● **WHAT TO PRODUCE**
Find where "Face à Metz, dernier" appears in the entries below. That line and all lines after it, through the last, are to be duplicated exactly, with nothing else.
-------- MATERIAL PROVIDED --------
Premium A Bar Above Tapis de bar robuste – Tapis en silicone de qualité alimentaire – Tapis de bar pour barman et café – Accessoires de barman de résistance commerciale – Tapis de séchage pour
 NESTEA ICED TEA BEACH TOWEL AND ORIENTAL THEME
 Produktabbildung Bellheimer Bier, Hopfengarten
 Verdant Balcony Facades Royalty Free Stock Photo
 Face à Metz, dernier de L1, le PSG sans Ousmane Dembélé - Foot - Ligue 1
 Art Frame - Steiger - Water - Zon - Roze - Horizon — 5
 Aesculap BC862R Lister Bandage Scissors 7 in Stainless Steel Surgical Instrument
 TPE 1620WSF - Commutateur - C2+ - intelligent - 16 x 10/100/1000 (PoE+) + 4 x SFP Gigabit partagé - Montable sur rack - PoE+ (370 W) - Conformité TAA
--------
● **FINISHED TASK**
 Face à Metz, dernier de L1, le PSG sans Ousmane Dembélé - Foot - Ligue 1
 Art Frame - Steiger - Water - Zon - Roze - Horizon — 5
 Aesculap BC862R Lister Bandage Scissors 7 in Stainless Steel Surgical Instrument
 TPE 1620WSF - Commutateur - C2+ - intelligent - 16 x 10/100/1000 (PoE+) + 4 x SFP Gigabit partagé - Montable sur rack - PoE+ (370 W) - Conformité TAA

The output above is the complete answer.